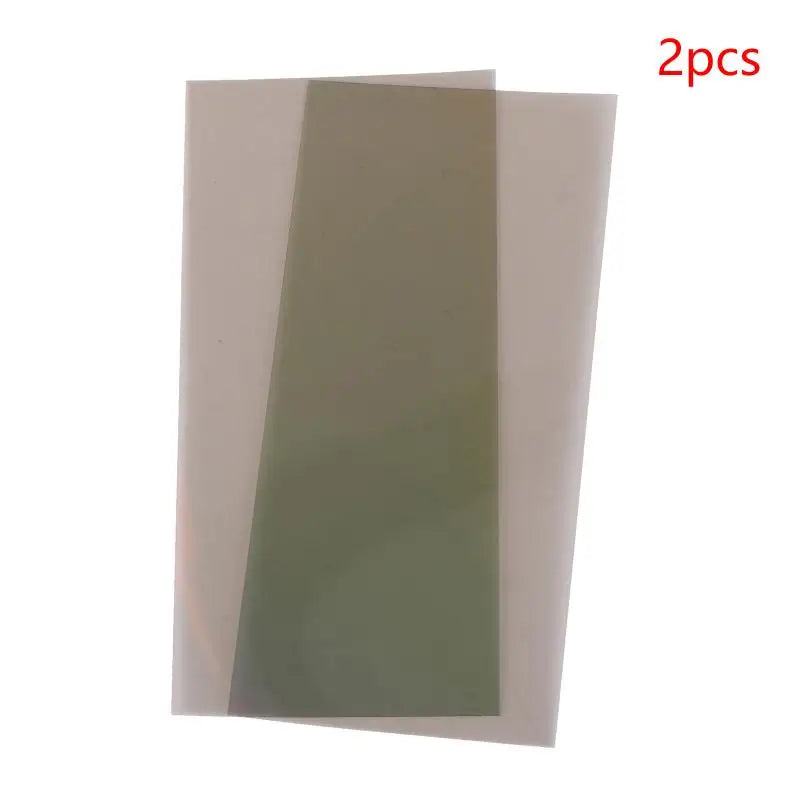 Polarizing Film LCD Display Repair – 2/4 Pcs Universal LCD Repair Film PLUSH 2pcs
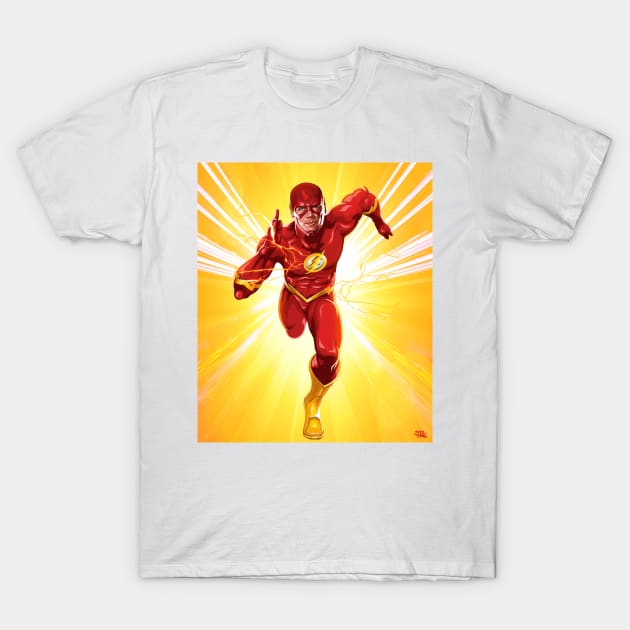 FLASHPOINT T-Shirt by MIAMIKAOS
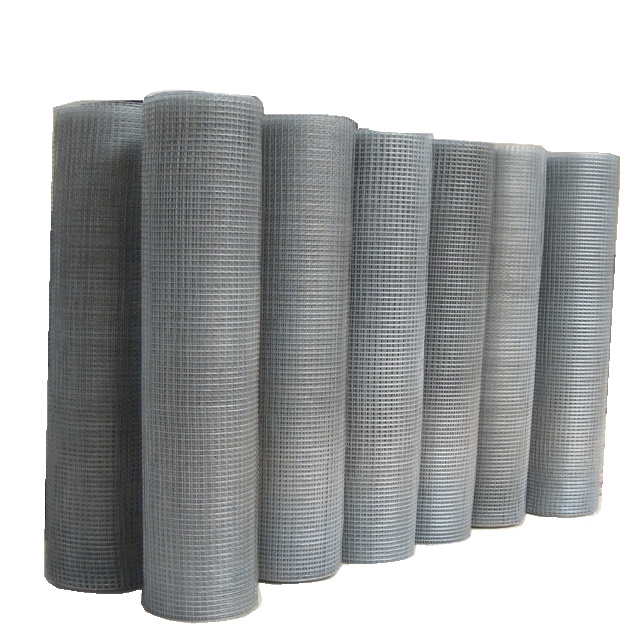 Concrete Reinforcing Fence Steel Wire Mesh Galvanized Welded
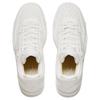 ANTA Women's Retro Low-Top Casual Skate Shoes Pure White 912541804-1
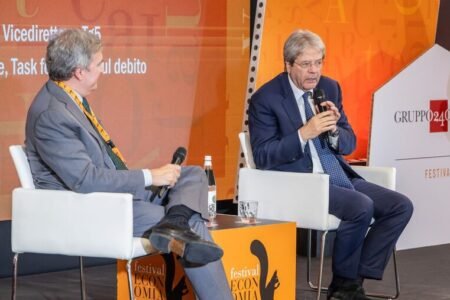 Gentiloni: “Europe reacts at the age of chaos by building common defense”
 | EUROtoday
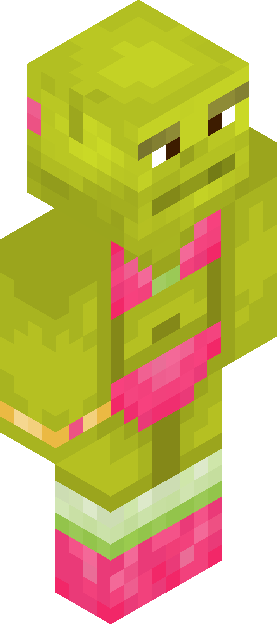 Minecraft skin tagged mutant rank #26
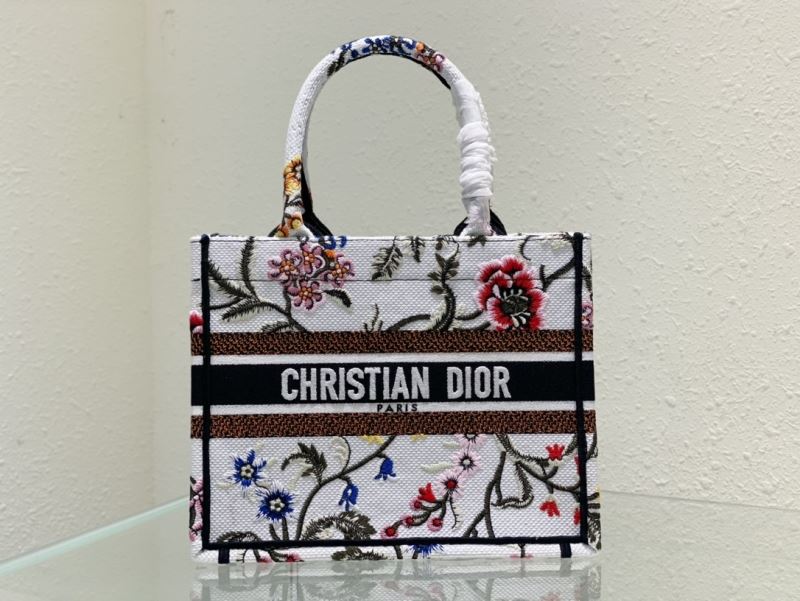 Christian Dior Shopping Bags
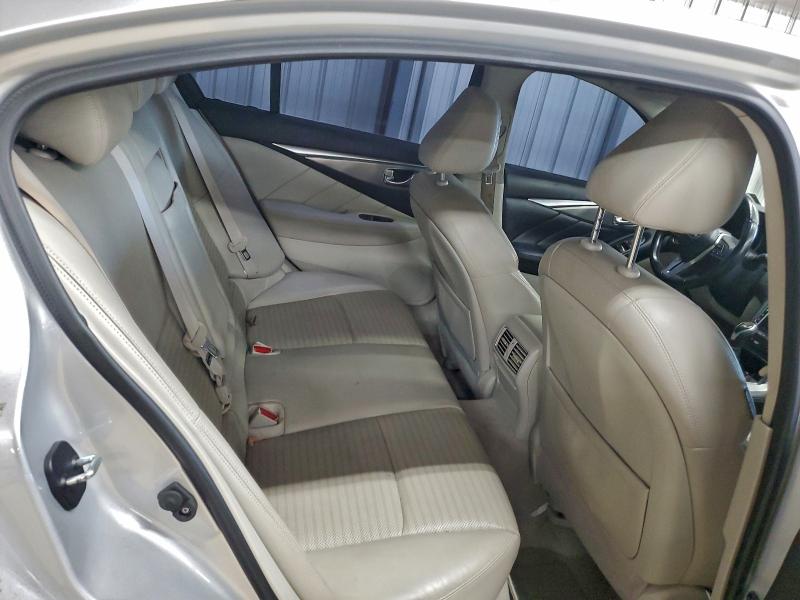 Фото 10 - INFINITI Q50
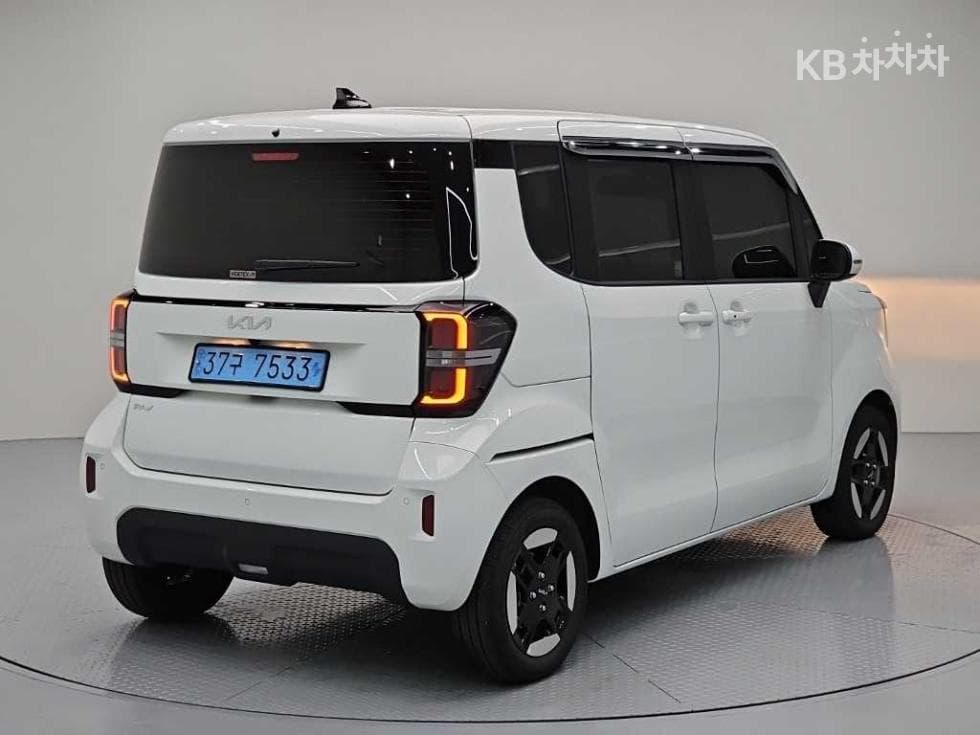 Kia 더 Kia Ray (van) EVEV Air - 4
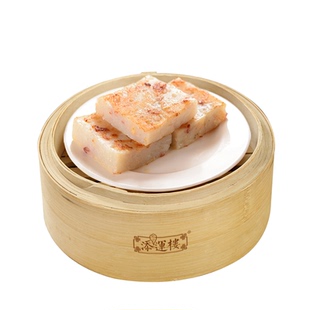 Z添运楼瑶柱萝卜糕腊味芋头糕椰汁年糕马蹄糕广东贺年手信糕点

========

• _Task prompt_: Print the whole listing above once more, word for word, without its pictures.

• _Answer box_:
 Polarizing Film LCD Display Repair – 2/4 Pcs Universal LCD Repair Film PLUSH 2pcs
 FLASHPOINT T-Shirt by MIAMIKAOS
 Concrete Reinforcing Fence Steel Wire Mesh Galvanized Welded
 ANTA Women's Retro Low-Top Casual Skate Shoes Pure White 912541804-1
 Gentiloni: “Europe reacts at the age of chaos by building common defense”
 | EUROtoday
 Minecraft skin tagged mutant rank #26
 Christian Dior Shopping Bags
 Фото 10 - INFINITI Q50
 Kia 더 Kia Ray (van) EVEV Air - 4
 Z添运楼瑶柱萝卜糕腊味芋头糕椰汁年糕马蹄糕广东贺年手信糕点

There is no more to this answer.